YOUR ASSIGNMENT:
Write out each entry again. Keep every word exactly as it is.

(Crawled caption data)
>>>

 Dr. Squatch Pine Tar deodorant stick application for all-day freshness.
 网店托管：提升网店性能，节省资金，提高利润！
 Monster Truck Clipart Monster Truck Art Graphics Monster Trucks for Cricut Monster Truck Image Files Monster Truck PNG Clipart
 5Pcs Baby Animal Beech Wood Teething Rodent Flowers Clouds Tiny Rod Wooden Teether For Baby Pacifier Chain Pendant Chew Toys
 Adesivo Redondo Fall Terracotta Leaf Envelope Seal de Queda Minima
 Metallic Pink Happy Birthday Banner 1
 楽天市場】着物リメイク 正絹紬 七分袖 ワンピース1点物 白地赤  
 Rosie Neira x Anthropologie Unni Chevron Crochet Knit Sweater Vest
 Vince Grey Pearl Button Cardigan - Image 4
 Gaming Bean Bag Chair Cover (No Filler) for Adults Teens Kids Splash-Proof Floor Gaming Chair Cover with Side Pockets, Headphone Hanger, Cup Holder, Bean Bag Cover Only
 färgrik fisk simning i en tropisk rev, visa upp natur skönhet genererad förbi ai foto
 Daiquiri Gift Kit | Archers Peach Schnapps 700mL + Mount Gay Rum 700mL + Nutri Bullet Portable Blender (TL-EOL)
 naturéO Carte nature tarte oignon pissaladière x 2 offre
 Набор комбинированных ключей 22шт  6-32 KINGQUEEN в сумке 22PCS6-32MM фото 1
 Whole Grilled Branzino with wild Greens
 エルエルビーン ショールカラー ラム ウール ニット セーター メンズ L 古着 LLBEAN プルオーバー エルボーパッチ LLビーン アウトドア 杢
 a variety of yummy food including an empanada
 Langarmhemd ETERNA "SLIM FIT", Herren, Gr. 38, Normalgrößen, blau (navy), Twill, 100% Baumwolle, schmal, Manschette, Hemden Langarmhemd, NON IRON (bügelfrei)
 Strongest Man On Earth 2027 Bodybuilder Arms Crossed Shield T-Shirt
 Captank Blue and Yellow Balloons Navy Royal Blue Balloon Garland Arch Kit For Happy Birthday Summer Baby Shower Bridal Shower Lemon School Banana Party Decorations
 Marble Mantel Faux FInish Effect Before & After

<<<

EXPECTED OUTPUT:
 Dr. Squatch Pine Tar deodorant stick application for all-day freshness.
 网店托管：提升网店性能，节省资金，提高利润！
 Monster Truck Clipart Monster Truck Art Graphics Monster Trucks for Cricut Monster Truck Image Files Monster Truck PNG Clipart
 5Pcs Baby Animal Beech Wood Teething Rodent Flowers Clouds Tiny Rod Wooden Teether For Baby Pacifier Chain Pendant Chew Toys
 Adesivo Redondo Fall Terracotta Leaf Envelope Seal de Queda Minima
 Metallic Pink Happy Birthday Banner 1
 楽天市場】着物リメイク 正絹紬 七分袖 ワンピース1点物 白地赤  
 Rosie Neira x Anthropologie Unni Chevron Crochet Knit Sweater Vest
 Vince Grey Pearl Button Cardigan - Image 4
 Gaming Bean Bag Chair Cover (No Filler) for Adults Teens Kids Splash-Proof Floor Gaming Chair Cover with Side Pockets, Headphone Hanger, Cup Holder, Bean Bag Cover Only
 färgrik fisk simning i en tropisk rev, visa upp natur skönhet genererad förbi ai foto
 Daiquiri Gift Kit | Archers Peach Schnapps 700mL + Mount Gay Rum 700mL + Nutri Bullet Portable Blender (TL-EOL)
 naturéO Carte nature tarte oignon pissaladière x 2 offre
 Набор комбинированных ключей 22шт  6-32 KINGQUEEN в сумке 22PCS6-32MM фото 1
 Whole Grilled Branzino with wild Greens
 エルエルビーン ショールカラー ラム ウール ニット セーター メンズ L 古着 LLBEAN プルオーバー エルボーパッチ LLビーン アウトドア 杢
 a variety of yummy food including an empanada
 Langarmhemd ETERNA "SLIM FIT", Herren, Gr. 38, Normalgrößen, blau (navy), Twill, 100% Baumwolle, schmal, Manschette, Hemden Langarmhemd, NON IRON (bügelfrei)
 Strongest Man On Earth 2027 Bodybuilder Arms Crossed Shield T-Shirt
 Captank Blue and Yellow Balloons Navy Royal Blue Balloon Garland Arch Kit For Happy Birthday Summer Baby Shower Bridal Shower Lemon School Banana Party Decorations
 Marble Mantel Faux FInish Effect Before & After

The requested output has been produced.